Inés Donoso, camina por Malasaña pensando en música. Ella vive y respira por la música. A veces una mujer, que parece normal, se convierte en una supermujer al ponerse enfrente de su batería. Aquí un paso por su vida y su música, un paseo que enseña el sacrificio de vivir por y para la música.

La música siempre forma parte de las personas. La música da tanto recuerdos como alientos, ¿cómo empezó tu pasión por la música?

Mi primer recuerdo es con tres años, por aquel entonces mi padre tocaba lo que para mí era un gigante de metal del que salían sonidos (con el tiempo aprendí que aquello era una tuba) y yo me quedaba embobada.

Mi hermana, varios años mayor, ya había empezado a estudiar música y mi casa iba poco a poco llenándose de instrumentos cada vez eran más apasionantes. Para mí fue algo natural, como ir al colegio, año tras año, matrícula tras matrícula.
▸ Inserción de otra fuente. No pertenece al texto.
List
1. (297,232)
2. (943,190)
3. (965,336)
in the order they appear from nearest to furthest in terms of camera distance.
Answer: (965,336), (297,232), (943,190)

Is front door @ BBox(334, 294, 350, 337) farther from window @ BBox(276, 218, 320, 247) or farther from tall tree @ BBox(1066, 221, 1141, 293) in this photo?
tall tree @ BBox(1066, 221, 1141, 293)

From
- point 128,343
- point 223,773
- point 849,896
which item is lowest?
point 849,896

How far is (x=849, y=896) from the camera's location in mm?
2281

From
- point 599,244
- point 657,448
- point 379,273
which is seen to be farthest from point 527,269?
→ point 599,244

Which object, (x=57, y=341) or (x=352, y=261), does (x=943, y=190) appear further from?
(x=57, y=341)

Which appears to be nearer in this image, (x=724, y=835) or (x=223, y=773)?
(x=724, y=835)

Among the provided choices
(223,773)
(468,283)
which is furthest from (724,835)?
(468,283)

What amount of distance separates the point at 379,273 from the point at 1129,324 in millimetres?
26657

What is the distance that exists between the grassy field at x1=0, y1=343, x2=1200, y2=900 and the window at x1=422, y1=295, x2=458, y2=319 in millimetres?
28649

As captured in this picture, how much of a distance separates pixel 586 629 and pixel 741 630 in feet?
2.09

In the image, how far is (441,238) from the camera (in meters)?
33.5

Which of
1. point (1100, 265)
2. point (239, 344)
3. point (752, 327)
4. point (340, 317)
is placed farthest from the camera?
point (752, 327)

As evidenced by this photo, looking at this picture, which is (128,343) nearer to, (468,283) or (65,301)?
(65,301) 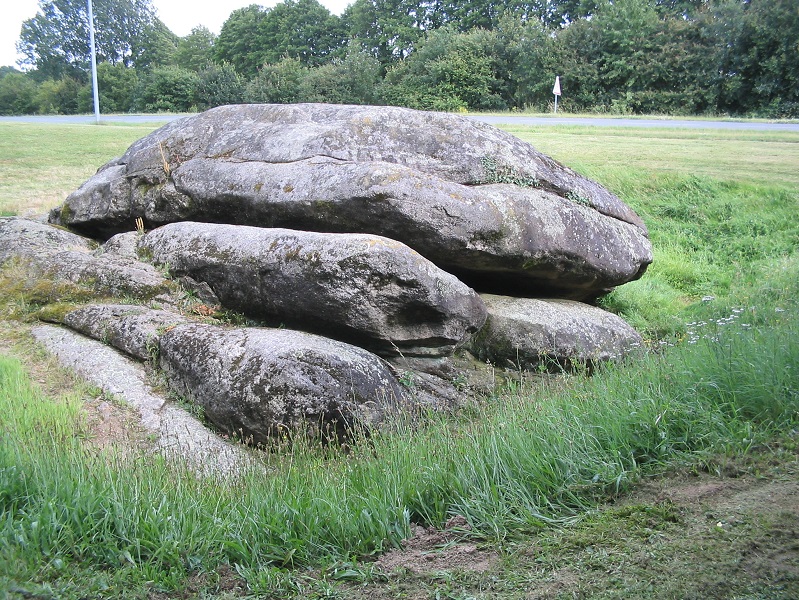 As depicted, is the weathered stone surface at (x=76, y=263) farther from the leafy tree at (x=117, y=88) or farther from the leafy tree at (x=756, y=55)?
the leafy tree at (x=117, y=88)

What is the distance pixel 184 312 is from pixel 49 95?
129 ft

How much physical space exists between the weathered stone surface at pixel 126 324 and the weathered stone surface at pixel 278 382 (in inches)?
23.6

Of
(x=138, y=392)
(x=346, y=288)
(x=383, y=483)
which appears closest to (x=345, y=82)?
(x=346, y=288)

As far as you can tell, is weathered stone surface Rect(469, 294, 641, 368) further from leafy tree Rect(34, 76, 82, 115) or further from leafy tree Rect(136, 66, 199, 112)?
leafy tree Rect(34, 76, 82, 115)

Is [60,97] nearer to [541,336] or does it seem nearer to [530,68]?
[530,68]

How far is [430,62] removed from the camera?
32312mm

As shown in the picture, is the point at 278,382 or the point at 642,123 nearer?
the point at 278,382

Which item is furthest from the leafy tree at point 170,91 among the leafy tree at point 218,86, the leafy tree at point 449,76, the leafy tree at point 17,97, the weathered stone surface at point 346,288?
the weathered stone surface at point 346,288

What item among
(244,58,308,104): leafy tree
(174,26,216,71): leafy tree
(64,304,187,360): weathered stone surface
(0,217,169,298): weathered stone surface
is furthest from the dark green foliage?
(64,304,187,360): weathered stone surface

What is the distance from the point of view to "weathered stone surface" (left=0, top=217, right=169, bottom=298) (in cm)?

Decidir ser músico siempre es algo difícil por lo duro que es, el poco respeto y lo que cuesta vivir. ¿A qué edad lo tuviste claro? 

Empecé a estudiar con seis años, y más que una decisión, ha sido un modo de vida. Tuve una crisis a los diecisiete cuando estaba terminando Bachillerato y las Enseñanzas Profesionales de Piano y Percusión, porque como era la que hacía cada año sin plantearme, no tenía claro si era vocación o tradición.

Decidí que nada me llenaba más que la música y no me equivoqué, por lo que la firme decisión de convertirme en músico profesional llegó con la mayoría de edad y es probable que lo haya celebrado con mi primera cerveza legal.

¿Por qué elegiste la batería frente a otro instrumento? ¿Qué estudios tienes?

En realidad escogí la Percusión. Según mi madre, tocaba la vajilla completa con dos años. Siempre estaba dando palos y, en los Reyes de mis tres años, pedí una batería, y me la trajeron. ¡Me la cargué en nada!

Cuando tenía catorce años, se incluyó la especialidad de Percusión en mi conservatorio y me preparé el acceso a Grado Medio. Esa fue la gran elección. Una vez acabados los dos profesionales, decidí tirar por las baquetas para hacer el Superior en Madrid. ¡Y en esta ciudad me quedé!

La batería vino después. Cuando estaba cursando la carrera quise ampliar miras hacia la música moderna y no sólo centrarme en el clásico. Le di una oportunidad y me ha atrapado de tal forma que me tiene casi absorta.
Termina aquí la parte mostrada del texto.